Give back the whole listing exactly as written, leaving out each picture.
Information provided Start Marker
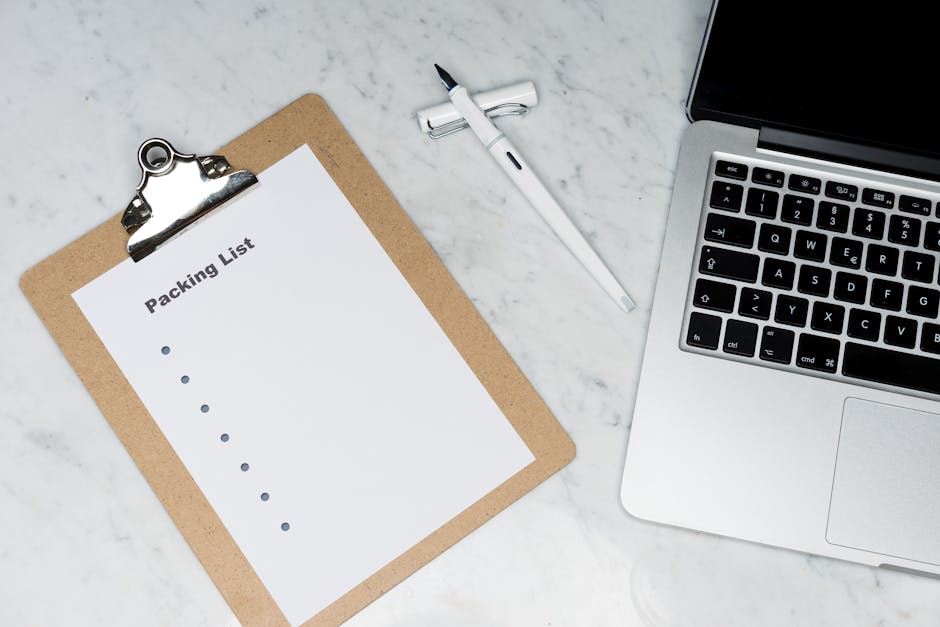 A top-down view of a workspace featuring a clipboard with a blank packing list attached, positioned on a white marble surface. Next to the clipboard is a white pen with a black tip, resting on the sur
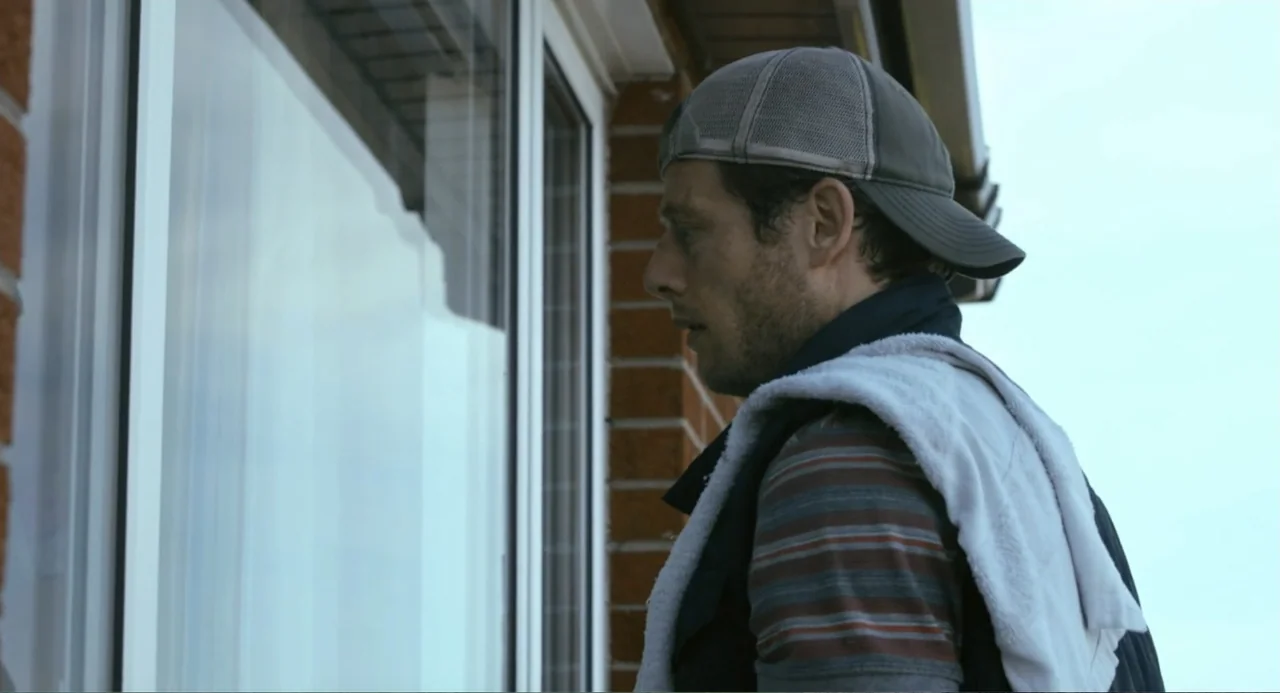 Living Out Loud (1998) movie still: medium — A man in casual clothing stands on a patio next to a glass window. He is facing the window, glancing at…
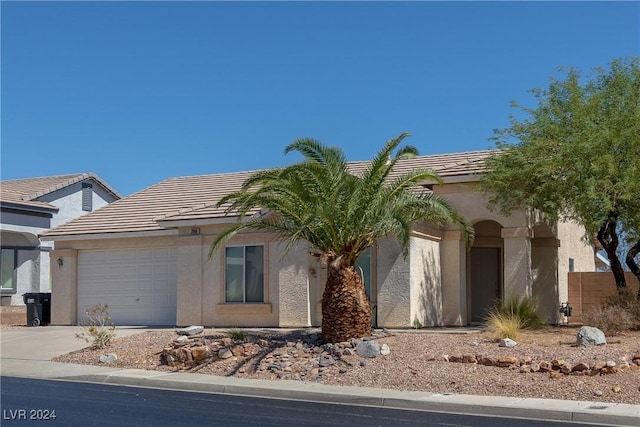 view of front of property featuring stucco siding, driveway, a tile roof, and a garage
Information provided End Marker
▶ _Response below_:
 A top-down view of a workspace featuring a clipboard with a blank packing list attached, positioned on a white marble surface. Next to the clipboard is a white pen with a black tip, resting on the sur
 Living Out Loud (1998) movie still: medium — A man in casual clothing stands on a patio next to a glass window. He is facing the window, glancing at…
 view of front of property featuring stucco siding, driveway, a tile roof, and a garage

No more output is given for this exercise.